“Wah parah nih lo, Vin! Lo nyuruh gue buat minta bantuan si Farhan! Lo tahu sendiri tuh anak macam apa!” keluh Melinda.
“Memangnya lo pengen mengotori tangan lo sendiri buat ngerjain tuh anak? Lo mau Diyas tahu keburukan lo? Nggak, kan?” cecar Vina. Milka masih sibuk dengan makanan ringan di tangannya. Gadis yang tergila-gila dengan manga itu masih sibuk dengan ponselnya sambil sesekali meraih makanan di tangannya. Melinda sempat ragu-ragu. Dia menoleh ke arah Milka.
“Mil, kasih saran dong!” bujuk Melinda.
“Bodo! Gue nggak ikut-ikutan!” jawab Milka membuat Melinda geram. Dia sadar bahwa perlakuannya membuat Milka sakit hati dan memilih untuk mengacuhkan masalah Melinda. Usulan Vina mengajak Farhan ternyata bisa membuat Melinda mengambil sikap, si preman sekolah yang terkenal badung itu sedang nongkrong di sudut halaman sekolah. Sebenarnya Melinda enggan berurusan dengan si Farhan, karena Farhan pasti meminta imbalan yang besar darinya.
“Gue mau bicara berdua sama lo, Far. Nanti gue tunggu di tempat biasa,” kata Melinda.
“Pasti dapat pekerjaan besar sampai Tuan Putri menghampiri Kang Farhan,” sahut salah satu rekannya.
“Sudah deh, diam lo!
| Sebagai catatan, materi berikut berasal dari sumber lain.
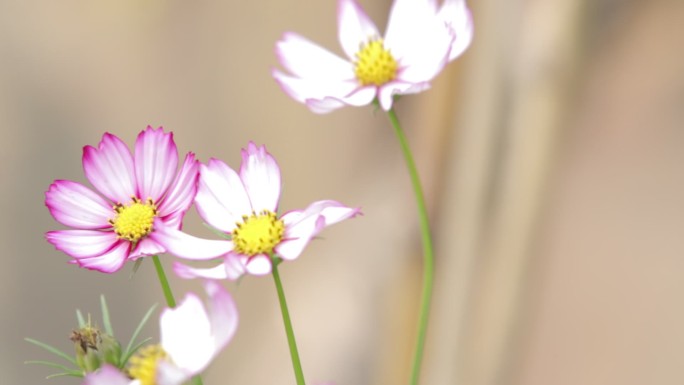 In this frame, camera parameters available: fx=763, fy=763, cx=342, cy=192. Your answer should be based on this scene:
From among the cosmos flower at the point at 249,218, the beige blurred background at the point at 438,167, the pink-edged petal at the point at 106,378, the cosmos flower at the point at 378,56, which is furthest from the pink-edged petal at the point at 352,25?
the beige blurred background at the point at 438,167

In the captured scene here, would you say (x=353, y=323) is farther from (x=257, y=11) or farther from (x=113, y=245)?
(x=113, y=245)

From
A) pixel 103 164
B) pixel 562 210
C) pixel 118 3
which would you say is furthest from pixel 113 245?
pixel 562 210

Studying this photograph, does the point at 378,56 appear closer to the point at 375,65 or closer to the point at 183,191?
A: the point at 375,65

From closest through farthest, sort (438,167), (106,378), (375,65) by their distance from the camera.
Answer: (106,378) → (375,65) → (438,167)

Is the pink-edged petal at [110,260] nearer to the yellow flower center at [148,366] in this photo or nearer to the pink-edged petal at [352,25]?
the yellow flower center at [148,366]

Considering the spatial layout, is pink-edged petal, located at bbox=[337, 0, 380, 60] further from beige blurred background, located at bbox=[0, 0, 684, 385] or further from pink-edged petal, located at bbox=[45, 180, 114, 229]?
beige blurred background, located at bbox=[0, 0, 684, 385]

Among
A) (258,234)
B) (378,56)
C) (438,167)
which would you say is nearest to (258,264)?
(258,234)

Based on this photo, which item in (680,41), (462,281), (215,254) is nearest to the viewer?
(215,254) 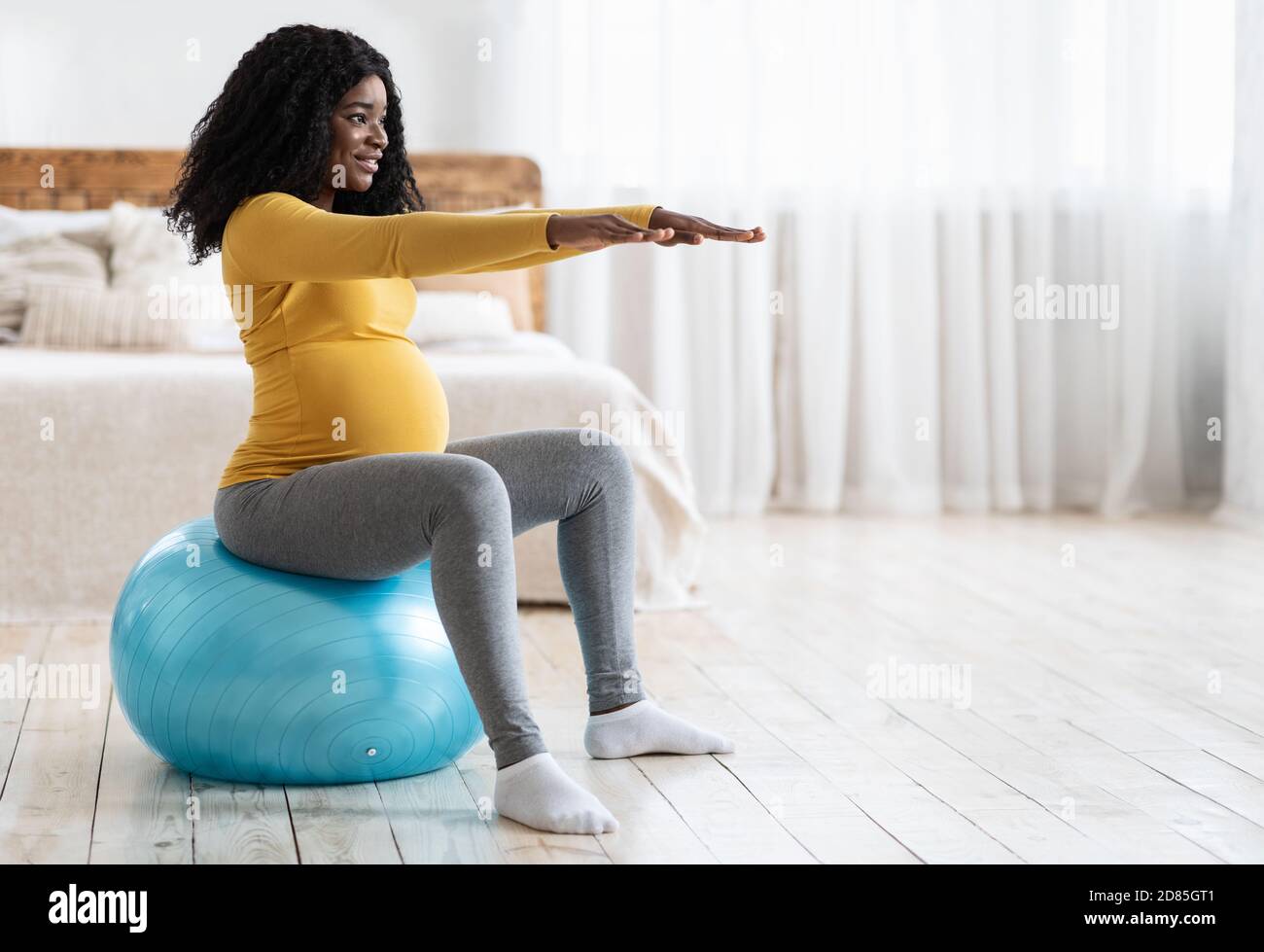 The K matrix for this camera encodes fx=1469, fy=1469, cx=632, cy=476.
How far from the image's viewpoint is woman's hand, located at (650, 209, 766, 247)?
1.59 metres

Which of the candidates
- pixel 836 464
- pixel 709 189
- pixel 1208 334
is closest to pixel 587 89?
pixel 709 189

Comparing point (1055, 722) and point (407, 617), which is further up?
point (407, 617)

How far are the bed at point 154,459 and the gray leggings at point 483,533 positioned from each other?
40.2 inches

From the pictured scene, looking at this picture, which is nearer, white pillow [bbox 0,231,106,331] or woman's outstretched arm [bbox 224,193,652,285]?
woman's outstretched arm [bbox 224,193,652,285]

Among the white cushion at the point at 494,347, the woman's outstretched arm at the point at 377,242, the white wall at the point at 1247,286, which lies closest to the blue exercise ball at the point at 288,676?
the woman's outstretched arm at the point at 377,242

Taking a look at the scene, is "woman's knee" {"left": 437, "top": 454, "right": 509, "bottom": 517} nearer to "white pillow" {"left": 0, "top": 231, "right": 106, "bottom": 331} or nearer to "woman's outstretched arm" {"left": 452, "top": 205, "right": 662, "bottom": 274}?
"woman's outstretched arm" {"left": 452, "top": 205, "right": 662, "bottom": 274}

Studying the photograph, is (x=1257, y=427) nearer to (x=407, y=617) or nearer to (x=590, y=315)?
(x=590, y=315)

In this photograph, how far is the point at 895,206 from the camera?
4.36 m

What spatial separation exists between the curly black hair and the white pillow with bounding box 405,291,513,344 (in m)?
1.63

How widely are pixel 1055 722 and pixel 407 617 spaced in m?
0.98

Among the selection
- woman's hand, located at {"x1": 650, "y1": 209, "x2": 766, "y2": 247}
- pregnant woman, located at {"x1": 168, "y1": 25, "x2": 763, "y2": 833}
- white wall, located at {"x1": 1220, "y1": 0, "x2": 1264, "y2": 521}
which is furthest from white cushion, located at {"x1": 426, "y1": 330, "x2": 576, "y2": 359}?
white wall, located at {"x1": 1220, "y1": 0, "x2": 1264, "y2": 521}

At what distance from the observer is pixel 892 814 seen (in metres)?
1.73

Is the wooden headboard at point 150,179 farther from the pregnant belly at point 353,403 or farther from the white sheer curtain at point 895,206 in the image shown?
the pregnant belly at point 353,403

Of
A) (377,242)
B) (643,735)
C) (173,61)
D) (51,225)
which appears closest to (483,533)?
(377,242) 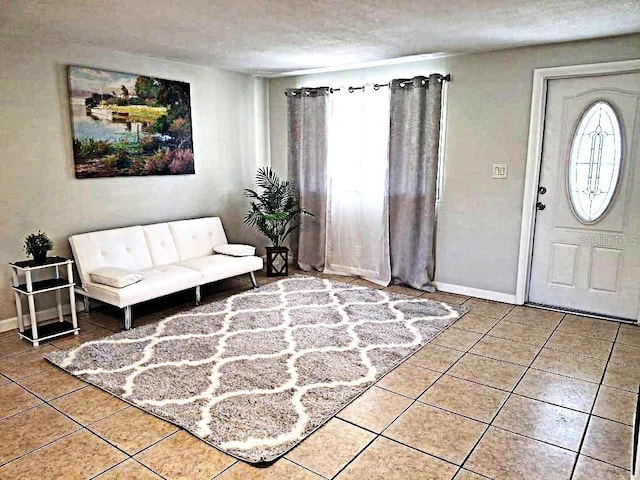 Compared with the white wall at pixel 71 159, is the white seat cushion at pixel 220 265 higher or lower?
lower

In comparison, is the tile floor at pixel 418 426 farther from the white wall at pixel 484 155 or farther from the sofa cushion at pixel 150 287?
the white wall at pixel 484 155

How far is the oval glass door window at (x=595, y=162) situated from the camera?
3.88 meters

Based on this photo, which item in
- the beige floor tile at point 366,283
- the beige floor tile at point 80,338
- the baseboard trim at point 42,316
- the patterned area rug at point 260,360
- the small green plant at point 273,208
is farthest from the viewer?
the small green plant at point 273,208

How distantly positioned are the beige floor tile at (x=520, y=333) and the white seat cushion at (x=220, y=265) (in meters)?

Nanti juga dapat traktiran,” ketus Melinda kepada gerombolan anak buah Farhan.
“Siap! Ntar gue tunggu di tempat biasa, Mel,” sahut Farhan tegas.
Melinda bergegas meninggalkan para anak badung itu. Dia melihat Fiza yang sedang duduk bersama Diyas. Hati Melinda muncul kesumat yang menggebu. Kania memperhatikan Melinda dari kejauhan. Melinda tampak menggerutu sendiri ketika melihat Diyas begitu dekat dengan Fiza. Akhirnya, Melinda tak tahan melihat pemandangan di depan matanya. Dia pergi dengan hati yang panas. Kania pun bersembunyi ketika Melinda lewat di sampingnya. Setelah aman, Kania bergegas menuju kelasnya.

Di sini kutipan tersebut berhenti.